La masculina defensa de la tierra
Campobello configura un sentido de masculinidad al margen del sexo de las personas, adoptando características que provienen de los estereotipos y debilitando otras. Por ejemplo, masculina es la madre que resiste la violación del general Rueda, sin derramar una lágrima: “Mamá no lloraba, dijo que no le tocaran a sus hijos, que hicieran lo que quisieran” (2000: 83), como masculino es Francisco Villa que no puede aguantar el llanto porque los habitantes de Pilar de Conchos le temen y ya no creen en él; se lamenta de ello porque son “hombres que labran la tierra” (136). Masculina es también la suavidad de la voz de Gorgonio Beltrán como la mugre impregnada en los villistas campesinos y sus viejos y trajinados rifles.
Según Pratt, “la propuesta literaria, estética existencial e histórica de Campobello es crear una imagen de las otras revoluciones mexicanas, paralelas a la primera, relacionadas a ella” (2004: 262). El primer conflicto social del siglo XX, entonces, traería consigo la posibilidad de desplazar los atributos de lo masculino y lo femenino, en múltiples sentidos. La Mamá reemplaza al padre ausente, permanece en zonas de guerra muy disputadas, actúa con valentía y fortaleza; provee y protege. Gerardo Ruiz y José Díaz privilegian su apariencia (la blancura y la tersura de la piel) e intentan escapar de la muerte con actos cobardes que son indicios de su moralidad, a partir de cómo se han conducido en sus existencias.

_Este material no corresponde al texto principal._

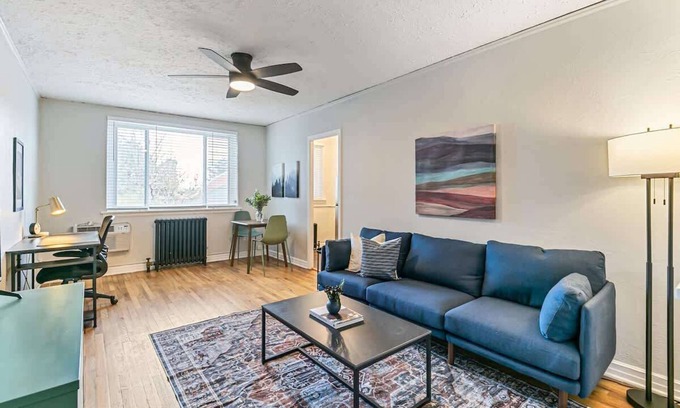City Park Apartamento | Detroit by Modern Midstay / On City Park! #T25
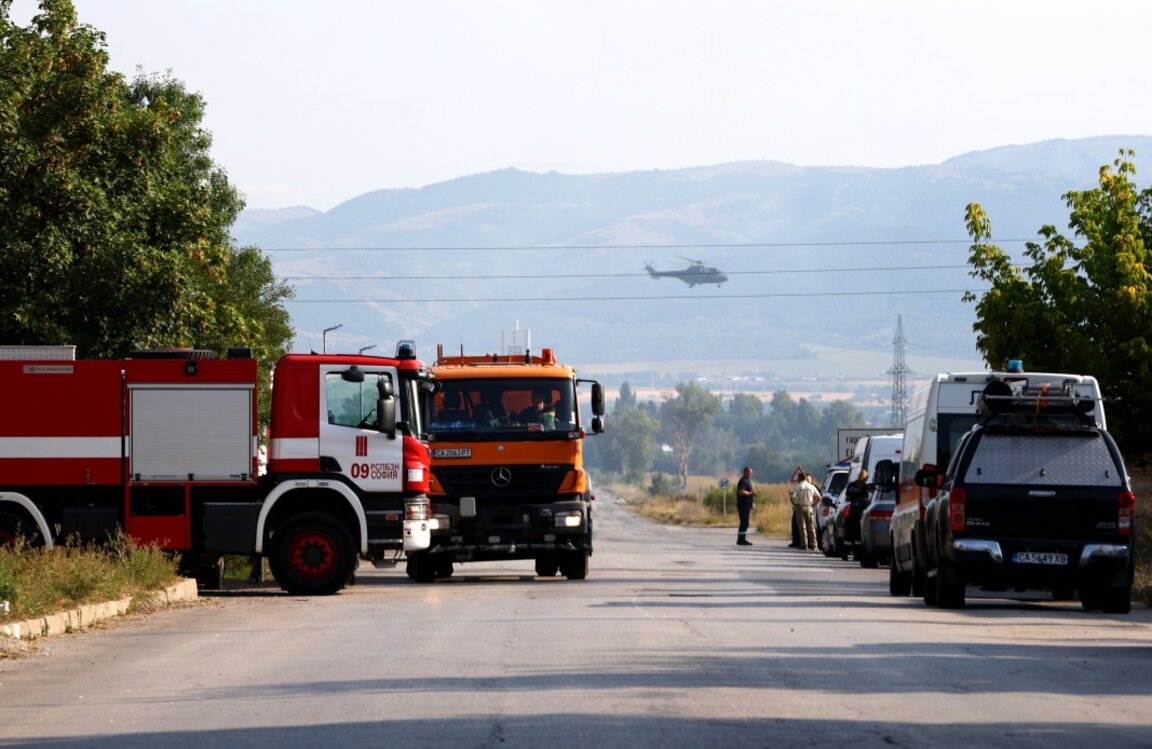 Verschiedene Vermutungen über Explosionen bei Elin Pelin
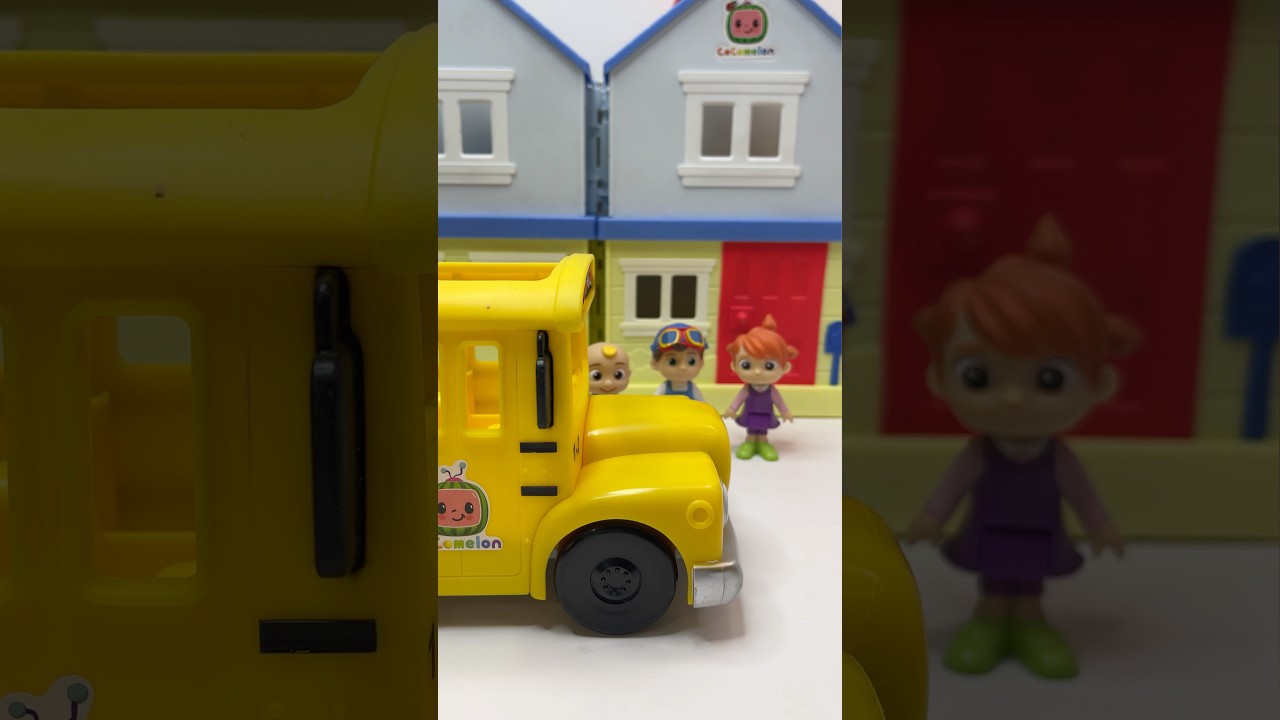 Satisfying with Unboxing Cocomelon Bus School ASMR💥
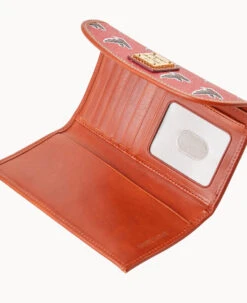 NFL Falcons Continental Clutch FALCONS -Dooney & Bourke W0507M NJRDPATNFALC ALT2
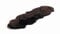 Schaffell Lammfell Teppich Kaminvorleger Bettvorleger Läufer 2-Fach 180x60cm Dunkelbraun braun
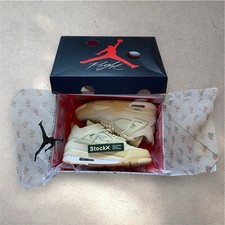 Air jordan 4 x off -white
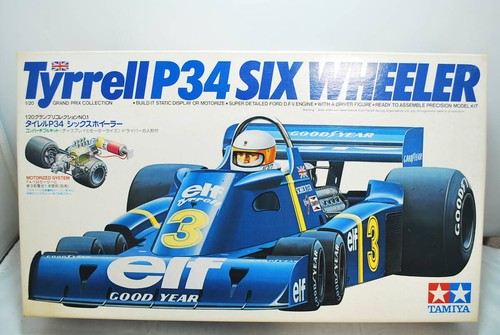 Tamiya tyrrell p34 six - 1/20,
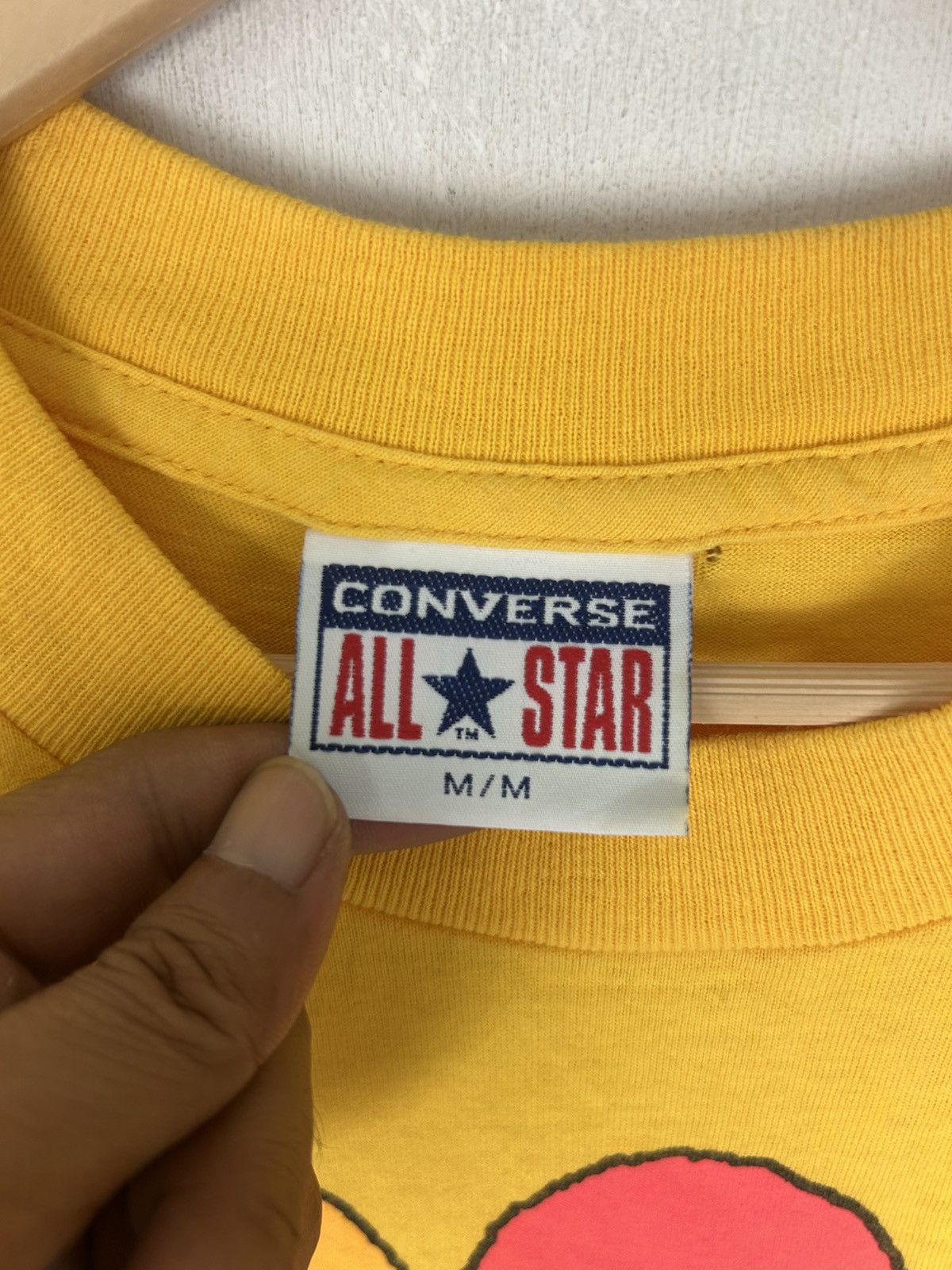 Converse × Vintage Vintage 90s Dennis Rodman Pop Art T-Shirt by Converse – NBA Size US M / EU 48-50 / 2 - 8 Thumbnail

La mugre tendría una doble valencia en el libro; positiva, cuando delata un origen, una clase económica y el arribo de un nuevo orden social; negativa, si la piel se impregna de ella sólo en la muerte; de otra manera, esa suciedad provocaría repulsión, sería eliminada y repudiada como los deseos de cambio por parte de las poblaciones indígenas y rurales. Refugiados en espacios interiores, en los que por tradición se sitúa a las mujeres (como la tía Toña que atisba avergonzada “en la rendija del zaguán”), Gerardo Ruiz y José Díaz encuentran la muerte en lugares públicos y abiertos, en los que no son capaces de encararla con valentía. Amenazantes por ser los sitios de las escaramuzas, la Mamá y la niña Nellie, en cambio, no temen desplazarse, salir de los espacios privados e, incluso, viajar hacia el frente de batalla.21
El sentido de la Revolución mexicana se encaminaría a un forzoso enfrentamiento bélico entre quienes eran dueños de la tierra por derecho propio (por habitarla desde siglos atrás, por trabajarla de generación en generación) y los que se la han arrebatado, debido a un poder ejercido desde la cercanía con una clase política dominante, las ventajas que reporta una mejor situación económica y por formar parte de una clase social y una raza dadas. “Skin color, attire and manner had been instruments of oppression that, to a certain degree, functioned as a dividing line between the opposing groups”22 (Parra 2005: 2). La autora amplía la visión del conflicto al no reducirlo a la oposición entre el gobierno federal y ciertas regiones del país; lo extiende a las inconformidades acumuladas por comunidades unidas en sus agravios (como la Mamá ultrajada) y cuyos miembros intentan protegerse entre sí porque son parientes, vecinos o conocidos: “Le contaron a Mamá todo lo que había pasado. Ella no lo olvidaba. Aquellos hombres habían sido sus paisanos” (2000: 89). Como apunta Max Parra, la lealtad hacia los combatientes que crecieron juntos, dada la cercanía de sus lugares de origen y su parentesco, “determined revolutionary attachments more than did political affiliation”23 (2005: 50).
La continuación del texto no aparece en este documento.